The Silver Lining on Doom and Gloom

Here’s a doom-and-gloom article about the publishing industry with a twist: it might not all be doom and gloom.

Despite the continual stream of stories about authors making $10,000 a month or more on self-published ebooks and in the process crushing traditional publishing out of existence, Evan Hughes in Wired magazine (April 2013) says there’s another side of the story.

  • “In one week,
    i-1cc9dcc0ce9711404f6113258a091b28-Wired April 2013.jpg

    people . . . bought half a million copies of a really long book called Steve Jobs,” a book about the man who famously said in 2008 that people don’t read anymore.

  • Nearly 3 billion books are sold every year.
  • “Amazon likes to point out that new Kindle buyers go on to purchase almost five times as many books from Amazon, print and digital, in the ensuing year as they did in the prior one.”
  • Self-publishing mega-successes are the exception. “In general, new writers gain much more than they lose by signing with a major house. Most self-published authors have trouble selling a copy outside of their immediate family.”
  • Fifty Shades of Gray, rather than defining self-publishing success, is evidence of the opposite. “The book became a massive commercial success only after Random House got involved.”
  • “Few writers relish the work of being their own publisher.”

Of course, landmines still abound for publishers.

  • “The industry is plagued by what indie-publishing entrepreneur Richard Nash has called the ‘pathology of unearned advances.’ “
  • Ironically, in its attempt to suppress collusion between various publishers and
    Apple at the launch of its iBooks, the Department of Justice has put Amazon.com in an even stronger position to monopolize the industry.
  • Big-ticket authors with established audiences are well positioned to abandon traditional publishers and go solo.

So those who believe publishing is full of doom and gloom still have something to cheer them!

Author: Andy Le Peau

I've been an editor and writer for over forty years. I am passionate about ideas and how we can express them clearly, beautifully, and persuasively. I love reading good books, talking about them, and recommending them. I thoroughly enjoy my family who help me continue on the path of a lifelong learner.

6 thoughts on “The Silver Lining on Doom and Gloom”

  1. Fifty Shades of Gray is a great success because on Kindle no one knows you’re reading it.

  2. Well, Dan, that’s helped. But the paperback edition is also #23 on Amazon and #2 on the NY Times Best Seller list for paperback trade fiction.

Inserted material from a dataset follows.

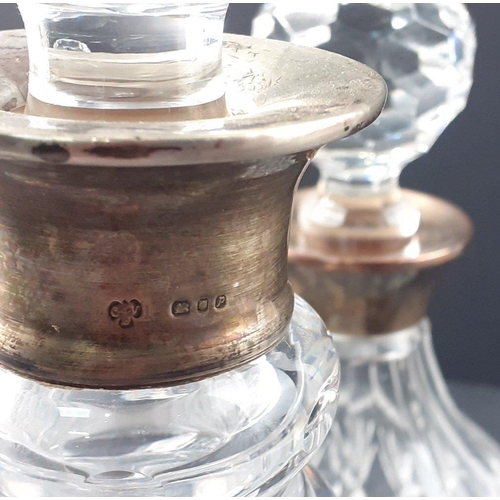 51 - Two silver crystal collared decanters, the larger has a minor chip to the inside of the stopper and ...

  3. 50 Shades was more helped by ereaders because it was independent, gained a following as an ereader only and then a major publishing house picked it up and understood advertising and distribution.

    I think that is really where independents and regular publishing are going to be making a difference. I know several people that released a book independently and then re-released it later through a regular house.

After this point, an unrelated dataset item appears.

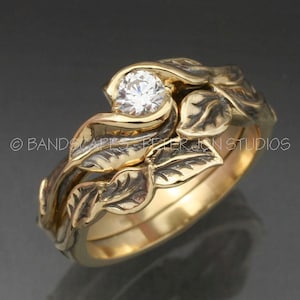 Puede incluir: Un juego de alianzas de boda de oro con un solitario de diamante en un diseño de hoja.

    That makes sense to me. It is one way that publishers are going to minimize risk. It is also another form of the book inquiry.


    Amazon is the big player in the ebook world. Even though I am a huge fan of Amazon Kindle and I want Amazon to be successful and I think that many people have been able to release independently because of kindle, I am concerned about a virtual monopoly in the ebook world.

    I do think it is minimized because entry is relatively low. Someone can theoretically still get into the market. But Amazon is going one up on Apple’s integrated system. Not only the hardware and books, but the shopping system. Once a person is a prime member, they stop looking around at other stores and prices. So it is hard to get their attention.

    It is not that they are a monopoly as much as Amazon is distracting them from realizing that there is another market outside of Amazon.

  4. Adam, I agree that one of the advantages for publishers of the easy self-publishing world we live in is that self-publishing can prove whether a book has greater potential or not, and so lower the risk for publishers when they pick it up. But Amazon has such a search-and-destroy, predatory culture that once the world only consists of Amazon and readers, they will put the squeeze on authors.

  5. Andy, in what ways do you foresee a “squeeze on authors”? I can imagine financial squeezes (e.g., lower royalties, higher production/publishing fees). Any others? I wonder if they could ever “keep” (i.e., annex) author book rights — what do you think, could they?

  6. Yes, certainly financial, like lowering royalty rates. Perhaps more likely (at first) is that they would start charging “promotion fees” to authors and publishers just to have the book listed. They might offer, for example, three levels–Basic, Plus and Executive Promotion Packages, each one costing more than the other. And maybe to have any chance of being seen, you have to go to the highest level. (Am I in danger of giving them ideas? No, I don’t think so. They’ve no doubt already thought of these.) And yes, you are right, they could start requiring authors to in some sense sign over certain publishing rights. And if there are no serious alternatives to Amazon, no viable publishers or other distribution channels, authors are basically forced to go along.